Battery anxiety on hikes, rides and paddles is when you worry that your kit will run out of juice before you reach your destination. It’s normal to feel anxious about this situation, but these 5 things will reduce your stress and help you love your time outside.
Here’s how to deal with battery anxiety
If you’re worried about running out of charge, here are some tips to help you cope with the situation. First, prioritise what you need power for, then make sure you’ve enough energy for these priority activities. Second, plan ahead. Make sure your essential navigation needs no batteries or connection to external services. Confident navigation is your most crucial activity. Third, optimise your charge. Fourth, avoid battery draining. Learn what drains your battery fastest and avoid these activities. Fifth, keep one eye on your battery status and stay calm. Try not to panic. but, if you find yourself in a pinch, preserve remaining power exclusively for an emergency phone call.
Prioritise your battery needs
Filming and photo taking are very hungry on power, and probably the highest priority for most outings.

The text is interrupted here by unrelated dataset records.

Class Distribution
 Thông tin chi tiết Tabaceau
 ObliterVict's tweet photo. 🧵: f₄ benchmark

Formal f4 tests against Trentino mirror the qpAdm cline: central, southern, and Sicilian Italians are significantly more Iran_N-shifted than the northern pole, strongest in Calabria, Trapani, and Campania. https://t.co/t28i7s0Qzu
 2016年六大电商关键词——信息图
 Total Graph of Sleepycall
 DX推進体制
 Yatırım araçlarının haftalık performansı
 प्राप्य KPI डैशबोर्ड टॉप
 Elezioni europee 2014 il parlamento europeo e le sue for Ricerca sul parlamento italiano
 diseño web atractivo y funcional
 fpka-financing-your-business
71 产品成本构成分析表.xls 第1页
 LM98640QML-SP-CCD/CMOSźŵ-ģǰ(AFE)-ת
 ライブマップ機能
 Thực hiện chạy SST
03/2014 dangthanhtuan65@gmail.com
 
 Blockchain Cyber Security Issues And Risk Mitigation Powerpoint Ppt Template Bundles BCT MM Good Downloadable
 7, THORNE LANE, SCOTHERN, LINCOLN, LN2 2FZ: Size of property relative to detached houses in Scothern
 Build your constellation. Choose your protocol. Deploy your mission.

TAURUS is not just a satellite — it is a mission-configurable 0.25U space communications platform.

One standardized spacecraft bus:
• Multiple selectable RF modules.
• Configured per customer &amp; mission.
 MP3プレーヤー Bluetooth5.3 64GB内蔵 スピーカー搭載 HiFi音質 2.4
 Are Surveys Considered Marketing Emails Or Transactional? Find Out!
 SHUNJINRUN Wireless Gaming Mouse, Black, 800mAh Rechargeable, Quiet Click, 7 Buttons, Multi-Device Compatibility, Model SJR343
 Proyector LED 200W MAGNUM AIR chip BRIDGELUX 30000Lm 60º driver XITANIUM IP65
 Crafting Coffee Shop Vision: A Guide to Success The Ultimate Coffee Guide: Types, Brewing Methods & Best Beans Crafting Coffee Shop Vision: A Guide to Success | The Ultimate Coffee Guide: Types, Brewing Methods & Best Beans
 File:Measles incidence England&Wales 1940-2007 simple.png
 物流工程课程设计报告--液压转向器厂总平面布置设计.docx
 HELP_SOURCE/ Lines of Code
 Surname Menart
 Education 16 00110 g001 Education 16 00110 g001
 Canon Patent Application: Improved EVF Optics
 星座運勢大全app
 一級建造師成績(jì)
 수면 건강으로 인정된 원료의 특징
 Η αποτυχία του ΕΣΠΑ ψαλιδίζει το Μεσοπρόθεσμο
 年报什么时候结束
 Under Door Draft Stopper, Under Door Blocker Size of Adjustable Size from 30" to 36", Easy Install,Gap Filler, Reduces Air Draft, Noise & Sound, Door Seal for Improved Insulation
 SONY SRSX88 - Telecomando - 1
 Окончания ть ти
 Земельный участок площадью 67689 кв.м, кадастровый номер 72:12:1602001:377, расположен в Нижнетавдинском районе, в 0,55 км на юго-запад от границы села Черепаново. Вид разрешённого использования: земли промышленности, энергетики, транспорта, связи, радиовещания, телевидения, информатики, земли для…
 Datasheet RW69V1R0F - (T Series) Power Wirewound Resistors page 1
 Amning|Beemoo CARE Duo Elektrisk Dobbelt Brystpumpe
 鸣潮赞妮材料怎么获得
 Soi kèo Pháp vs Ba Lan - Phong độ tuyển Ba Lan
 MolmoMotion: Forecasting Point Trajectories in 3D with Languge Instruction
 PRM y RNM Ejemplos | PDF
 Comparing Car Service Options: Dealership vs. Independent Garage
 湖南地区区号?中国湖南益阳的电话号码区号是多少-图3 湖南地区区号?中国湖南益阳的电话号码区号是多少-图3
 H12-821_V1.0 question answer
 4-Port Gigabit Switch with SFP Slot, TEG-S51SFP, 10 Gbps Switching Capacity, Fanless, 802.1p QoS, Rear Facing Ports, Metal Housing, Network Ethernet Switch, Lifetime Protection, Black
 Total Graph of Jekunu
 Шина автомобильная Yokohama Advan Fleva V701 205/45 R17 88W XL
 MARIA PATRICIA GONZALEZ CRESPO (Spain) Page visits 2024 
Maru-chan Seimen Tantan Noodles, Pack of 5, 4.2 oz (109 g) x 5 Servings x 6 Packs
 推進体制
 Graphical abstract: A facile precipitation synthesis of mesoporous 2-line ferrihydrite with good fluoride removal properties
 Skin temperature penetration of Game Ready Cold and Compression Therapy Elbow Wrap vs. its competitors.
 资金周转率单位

If these are your priorities, try to avoid all other functions of the phone, especially those that require connectivity and location such as navigation. Additionally, consider more dedicated kit for filming (a GoPro for example) and make sure these have plenty of charge. If it’s essential you share and communicate from the trail, factor this as a high priority too. Otherwise, these activities can wait until you are back and near a power source with the luxury of switching Blue Tooth and location services back on.
Plan Ahead.
It’s fine to make initial plans using services like Komoot and other apps to inspire your route. These apps get ever more sophisticated with AR, real time location and routing programmes potentially running constantly in the background. But remember, phone apps that rely upon GPS are the hungriest on scarce battery power. Keep that power for priority needs.
Instead, pen your route on a fabric map of the area you’re exploring and switch off location services on your phone for the duration of your venture. You can always turn services back on briefly to confirm your location should you need to.
Charge Your Phone Before Leaving Home.
Phones get used for so much and it’s easy to forget how much energy they consume even when you’re NOT using them. So, before you leave home, charge up your phone -and consider a spare battery pack- so you’ll have enough juice for all those second priority things.
Turn Off Bluetooth and GPS.
Connectivity is a power drain. If your phone can put a dot onto a map of where you are, it is working hard and will exhaust soon contributing to your battery anxiety. The same goes for Bluetooth and WiFi. Switch all these off before you embark and turn off your background app refreshes. Do you really want your Bank’s app update to drain power while you’re adventuring? Get familiar with your settings and remember to switch these back on when home.
Don’t Panic
Constantly switching devices ‘on’ to check their battery status is a sure sign of battery anxiety and is counterproductive. Set a point at which you stop using your phone all together. For example, when your phone reaches 20% battery stop taking photographs and films. Assure all non-essentials are switched off (see earlier) and preserve the rest of the power, telling yourself it’s for that re-assuring call home at journey’s end.